[WHAT IS BEING ASKED]
Write out the records that follow exactly. Do not include pictures.

Dataset entries:
*** Begin section ***
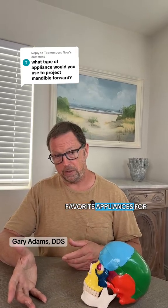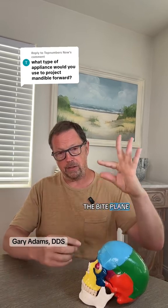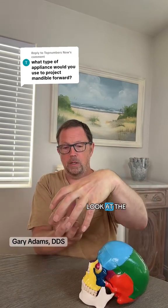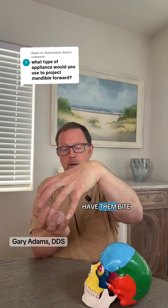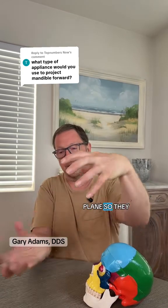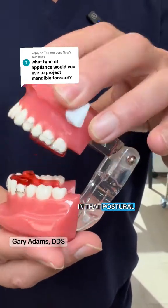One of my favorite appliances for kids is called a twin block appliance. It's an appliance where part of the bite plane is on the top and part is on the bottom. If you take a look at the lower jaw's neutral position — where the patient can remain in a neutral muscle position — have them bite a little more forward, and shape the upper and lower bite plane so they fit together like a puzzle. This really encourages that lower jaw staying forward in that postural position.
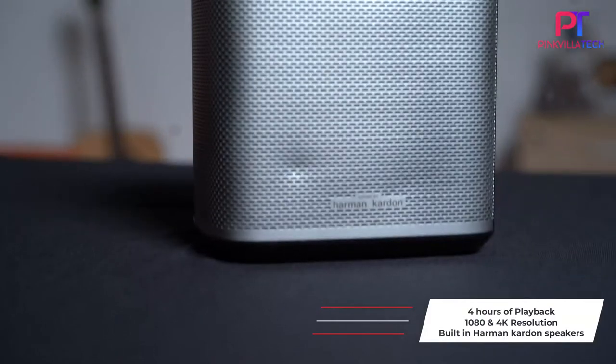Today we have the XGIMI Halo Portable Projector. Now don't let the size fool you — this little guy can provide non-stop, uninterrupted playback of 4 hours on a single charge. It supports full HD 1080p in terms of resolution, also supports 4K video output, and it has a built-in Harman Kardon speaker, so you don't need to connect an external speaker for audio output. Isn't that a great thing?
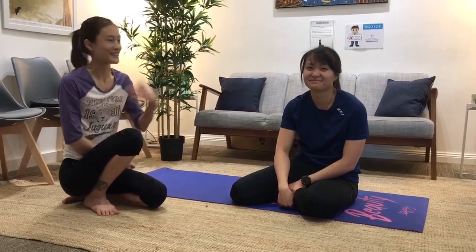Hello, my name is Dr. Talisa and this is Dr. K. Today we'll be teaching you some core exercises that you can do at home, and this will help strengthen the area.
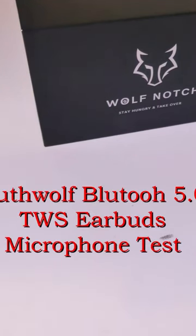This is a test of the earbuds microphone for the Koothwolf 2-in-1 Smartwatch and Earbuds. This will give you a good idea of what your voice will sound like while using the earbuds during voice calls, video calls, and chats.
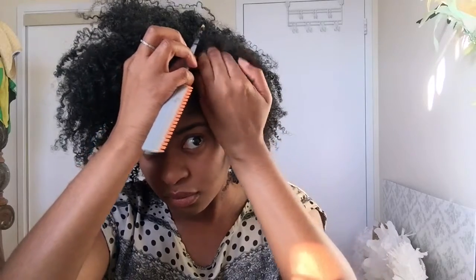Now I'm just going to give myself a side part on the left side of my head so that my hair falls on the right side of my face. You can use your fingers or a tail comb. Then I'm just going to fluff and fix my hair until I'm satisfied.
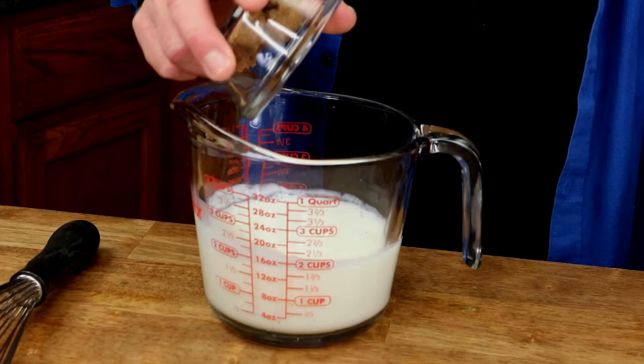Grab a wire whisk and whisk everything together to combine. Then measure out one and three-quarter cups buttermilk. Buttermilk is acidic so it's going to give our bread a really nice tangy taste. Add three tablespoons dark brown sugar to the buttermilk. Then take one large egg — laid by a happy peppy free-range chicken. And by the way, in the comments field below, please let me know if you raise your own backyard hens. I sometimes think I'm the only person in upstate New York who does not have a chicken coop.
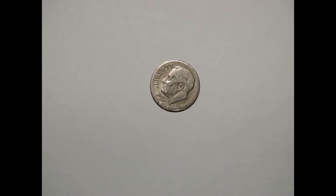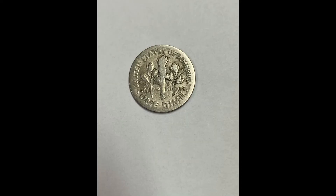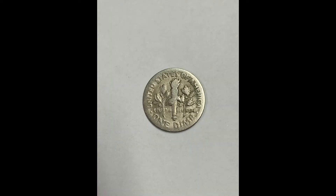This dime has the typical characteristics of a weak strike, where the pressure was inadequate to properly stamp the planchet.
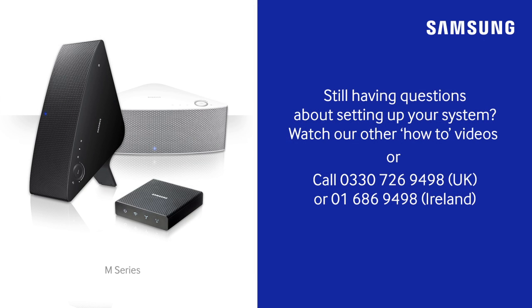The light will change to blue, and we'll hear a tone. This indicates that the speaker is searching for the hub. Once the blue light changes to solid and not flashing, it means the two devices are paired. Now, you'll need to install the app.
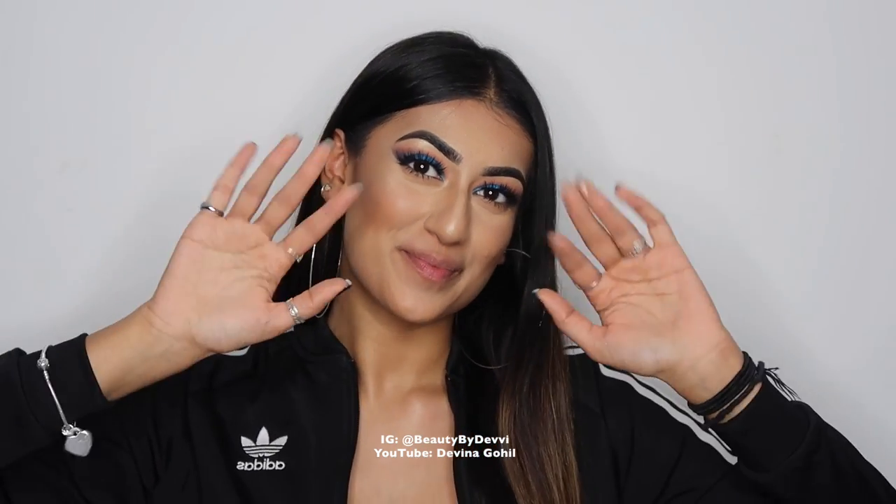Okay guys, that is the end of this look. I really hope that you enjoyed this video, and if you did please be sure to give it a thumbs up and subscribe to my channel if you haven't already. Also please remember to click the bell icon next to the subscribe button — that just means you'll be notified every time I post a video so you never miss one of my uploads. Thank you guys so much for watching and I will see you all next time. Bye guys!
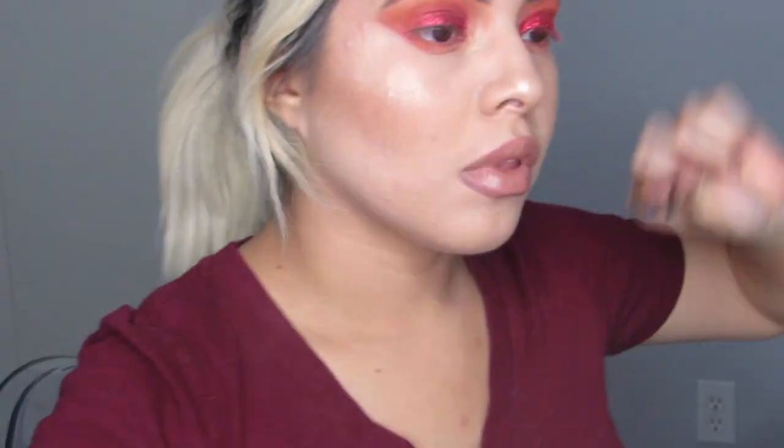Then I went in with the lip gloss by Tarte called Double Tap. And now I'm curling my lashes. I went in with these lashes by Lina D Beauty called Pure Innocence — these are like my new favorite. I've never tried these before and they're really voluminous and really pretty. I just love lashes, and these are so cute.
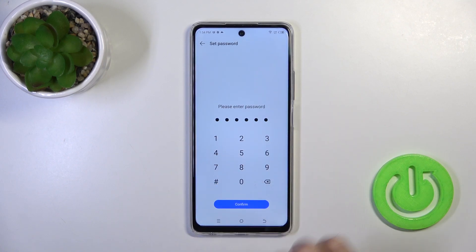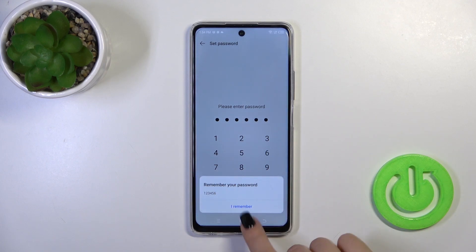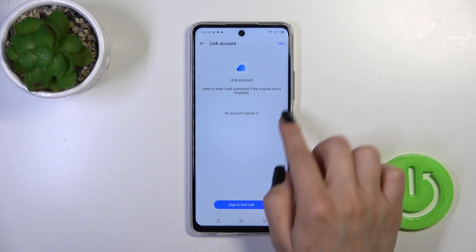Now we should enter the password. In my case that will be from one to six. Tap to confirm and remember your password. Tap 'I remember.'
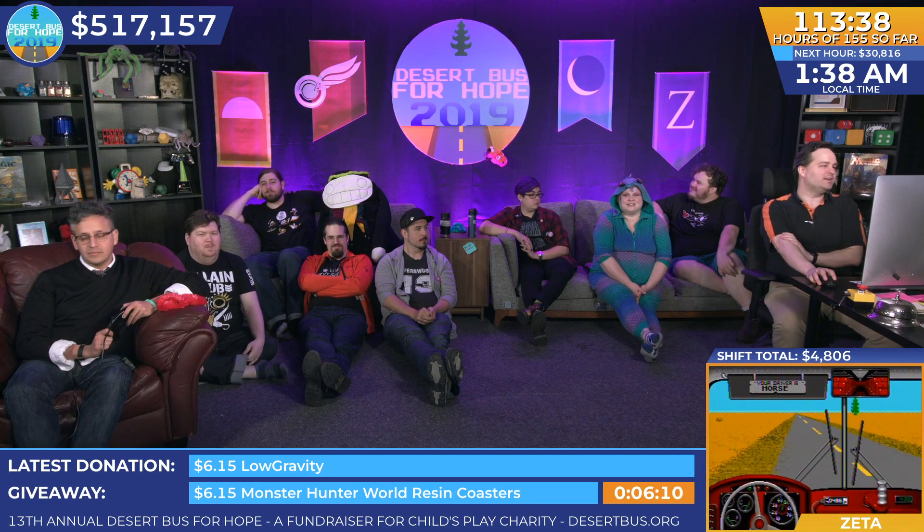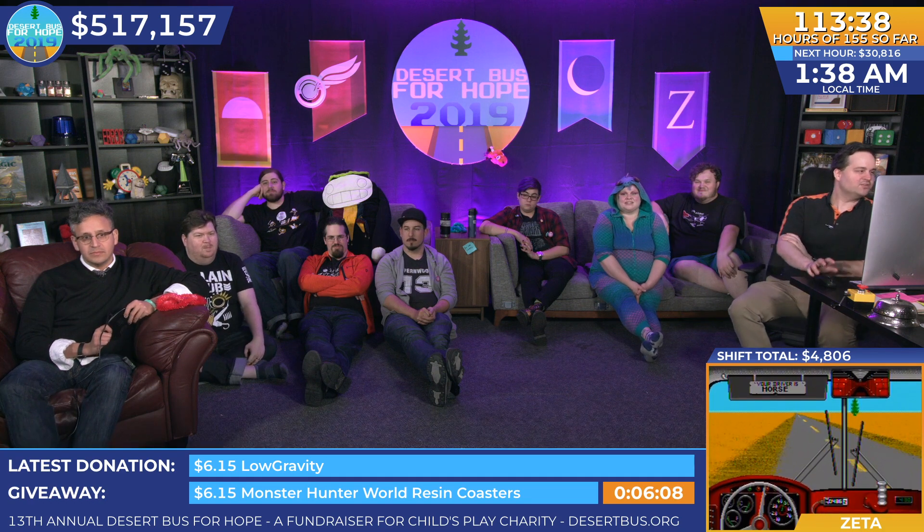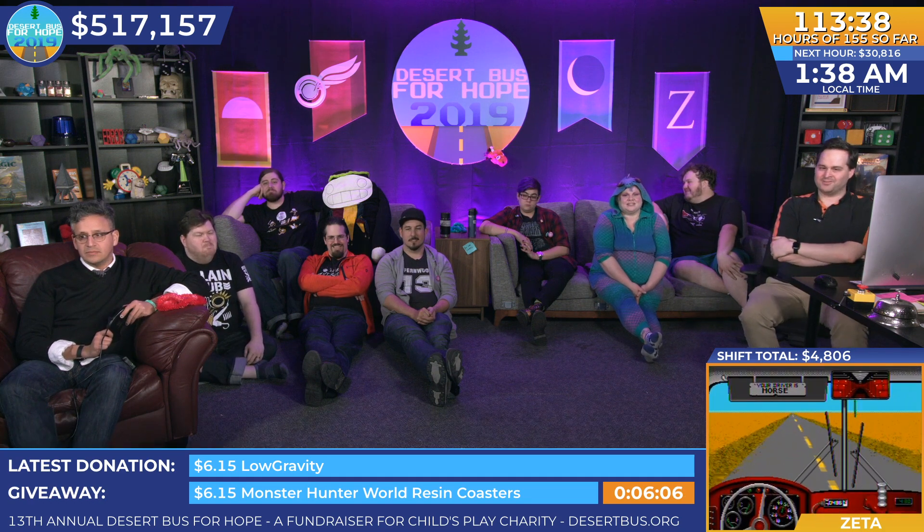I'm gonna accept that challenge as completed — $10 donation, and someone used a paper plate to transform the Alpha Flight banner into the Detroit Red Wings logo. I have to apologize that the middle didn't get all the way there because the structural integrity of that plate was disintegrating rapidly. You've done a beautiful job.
*** End section ***
[SOLUTION FOR THIS EXERCISE]
One of my favorite appliances for kids is called a twin block appliance. It's an appliance where part of the bite plane is on the top and part is on the bottom. If you take a look at the lower jaw's neutral position — where the patient can remain in a neutral muscle position — have them bite a little more forward, and shape the upper and lower bite plane so they fit together like a puzzle. This really encourages that lower jaw staying forward in that postural position.
Today we have the XGIMI Halo Portable Projector. Now don't let the size fool you — this little guy can provide non-stop, uninterrupted playback of 4 hours on a single charge. It supports full HD 1080p in terms of resolution, also supports 4K video output, and it has a built-in Harman Kardon speaker, so you don't need to connect an external speaker for audio output. Isn't that a great thing?
Hello, my name is Dr. Talisa and this is Dr. K. Today we'll be teaching you some core exercises that you can do at home, and this will help strengthen the area.
This is a test of the earbuds microphone for the Koothwolf 2-in-1 Smartwatch and Earbuds. This will give you a good idea of what your voice will sound like while using the earbuds during voice calls, video calls, and chats.
Now I'm just going to give myself a side part on the left side of my head so that my hair falls on the right side of my face. You can use your fingers or a tail comb. Then I'm just going to fluff and fix my hair until I'm satisfied.
Grab a wire whisk and whisk everything together to combine. Then measure out one and three-quarter cups buttermilk. Buttermilk is acidic so it's going to give our bread a really nice tangy taste. Add three tablespoons dark brown sugar to the buttermilk. Then take one large egg — laid by a happy peppy free-range chicken. And by the way, in the comments field below, please let me know if you raise your own backyard hens. I sometimes think I'm the only person in upstate New York who does not have a chicken coop.
This dime has the typical characteristics of a weak strike, where the pressure was inadequate to properly stamp the planchet.
The light will change to blue, and we'll hear a tone. This indicates that the speaker is searching for the hub. Once the blue light changes to solid and not flashing, it means the two devices are paired. Now, you'll need to install the app.
Okay guys, that is the end of this look. I really hope that you enjoyed this video, and if you did please be sure to give it a thumbs up and subscribe to my channel if you haven't already. Also please remember to click the bell icon next to the subscribe button — that just means you'll be notified every time I post a video so you never miss one of my uploads. Thank you guys so much for watching and I will see you all next time. Bye guys!
Then I went in with the lip gloss by Tarte called Double Tap. And now I'm curling my lashes. I went in with these lashes by Lina D Beauty called Pure Innocence — these are like my new favorite. I've never tried these before and they're really voluminous and really pretty. I just love lashes, and these are so cute.
Now we should enter the password. In my case that will be from one to six. Tap to confirm and remember your password. Tap 'I remember.'
I'm gonna accept that challenge as completed — $10 donation, and someone used a paper plate to transform the Alpha Flight banner into the Detroit Red Wings logo. I have to apologize that the middle didn't get all the way there because the structural integrity of that plate was disintegrating rapidly. You've done a beautiful job.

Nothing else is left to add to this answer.